If you use 'setup.py install --result=somefile', the distribution's 
information file should be included (for compatibility with external 
packaging tools that use --result).  So, that means the 'install' command 
object should have it listed in its 'get_outputs()'.  But, presumably the 
list that goes into the file is going to *come* from 'get_outputs()'.  So, 
it seems like the list would include the file itself, if that makes sense.



> > * The spec says that checksums of .pyc/.pyo files should not have their
> > checksums stored, but does not say *how* to not store them.  By omitting
> > the field?  By placing 'unknown' there?
>
>I was thinking that the field would simply be '-'.  It could be omitted, but
>then if we ever add another column there will be problems.  PEP updated to
>specify "-".

Come to think of it, why *shouldn't* those files be verified as to 
checksum?  Is it simply because they contain an internal timestamp?
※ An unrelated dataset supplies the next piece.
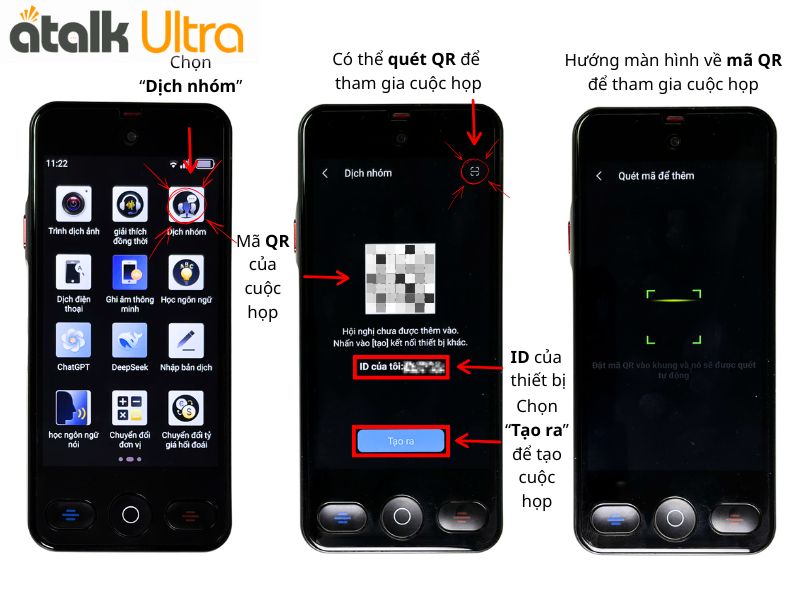Hướng Dẫn Tham Gia Tính Năng Dịch Cuộc Họp Trên ATalk Ultra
>Hey, this raises another issue; should we guarantee the format of
>installation databases remains compatible across Python versions, or is it
>subject to arbitrary change?

I would think it needs to be guaranteed.  If there's a change, it would 
need to be by adding a new section name like 'FILES2' for the new 
format.  In practice, though, FILES is extensible via additional columns, 
and the metadata section is extensible via adding new header lines.  So, 
all in all, the format is reasonably future-proof, at least for the 
critical sections.


> > * Are there any legal or other issues regarding deployment of SHA1?  I'm
>
>No, SHA just does hashing, not encryption, so there are no problems with its
>inclusion in Python.
>
> > Finally, there's a bit of a terminology issue.  I think that the term
> > "package" should be used for Python packages exclusively, using perhaps
> > "distribution" to refer to an installed unit.  So, instead of looking up a
> > "package", you would look up a "distribution".  Currently, the use of
> > "package" in the PEP is ambiguous, making it difficult to understand in
> > parts.
>
>PEP updated.
>
> > Anyway, apart from these issues/questions, I think it should be possible
> > for me to move forward with an implementation, possibly complete with a
> > facility to uninstall/upgrade/verify, although I can't guarantee *when*
>
>Note that there's already an implementation in nondist/sandbox/pep262 in
>CVS, though I don't remember how complete it was.  I'm planning to dust it
>off before PyCon.

Ah.  If I'd known where it was, I'd have UTSL'ed to see if it answered any 
of these questions.  I'll take a look at it when I get a chance.

Another spec question: is there a blank line after the line listing the 
sections?  Can there be one?  Are sections separated by a *single* blank 
line, or can there be more than one blank line between them?